We evaluated the impact of A1C at diagnosis on bone age and did not find any correlation. These findings are compatible with the fact that the median duration of typical symptoms of type 1 diabetes before diagnosis (polyuria, polydipsia, weight loss, and tiredness) has been evaluated as being 3 weeks (25th and 75th percentiles, 1 and 8 weeks, respectively) in children (14). The short exposure to important insulin deficiency does not impair the mechanisms by which the growth hormone–IGF-I axis allows normal growth (1). On the contrary, it has been clearly demonstrated that height and growth gains after diagnosis are lower with poor glycemic control (1,11).

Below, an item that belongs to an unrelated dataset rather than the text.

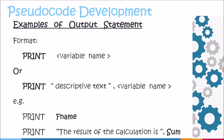Here we have examples which represent both formats. In the first example, we have the keyword print followed by the variable name fname. So whatever is stored in fname will be displayed to your monitor. In the second example, we have the keyword print followed by a descriptive text and the variable name. In this descriptive text, we have the result of the calculation is. That will be displayed to your monitor followed by whichever value is stored in sum.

In conclusion, this study showed that bone maturation is normal for age and sex and independent of A1C at diagnosis of type 1 diabetes. However, careful monitoring of height and weight in diabetic patients is necessary, and good metabolic control must be maintained to allow normal growth and development in diabetic patients.
No potential conflicts of interest relevant to this article were reported.